= Agathology =

Agathology from the Ancient Greek Agathós, something good, the good, an ultimate principle, summum bonum, concerns the multiple practices of the Good or how to make the best choices, since Plato, to secure 'what all things search for'. With ontology and henology, it is part of the ultimate references of traditional metaphysics.

For Plato knowledge of the Good, or more exactly the highest type of knowledge is dialectical. Dialectics for Plato is an activity of more and more precise identification of the undetermined through the scrutiny of the claims of pleasure and wisdom. It is not enough to say that the Good is a measurement unit, beauty or truth, one needs to discover and understand the result. The one that understands the Good possesses a perfect combination of the limited and the unlimited in the mixture of pleasure and wisdom, whereby the latter determines the former. The dialectical practice sustains continuous active thought in this mixture which requires permanent reflection.

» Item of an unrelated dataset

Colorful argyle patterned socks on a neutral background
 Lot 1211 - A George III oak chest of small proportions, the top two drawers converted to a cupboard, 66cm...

Aristotle defines 'what all things search for' as happiness, i.e. activity in accordance with virtue. Virtue is a quality amongst other qualities, such as cold and warm. The cross section between the two extremes transposed on an arch (see figure) is the Good. It is virtue which is the measure of all actions and it confers the agent with moral quality. The transcendent Good no loner is Plato's One (see henology) but the end, the final cause.

Plotinus, as does Plato, identifies the One (see henology) with the Good.

== Research areas ==
In how far can allostasis, homeostasis and optimization be put into relation with agathology?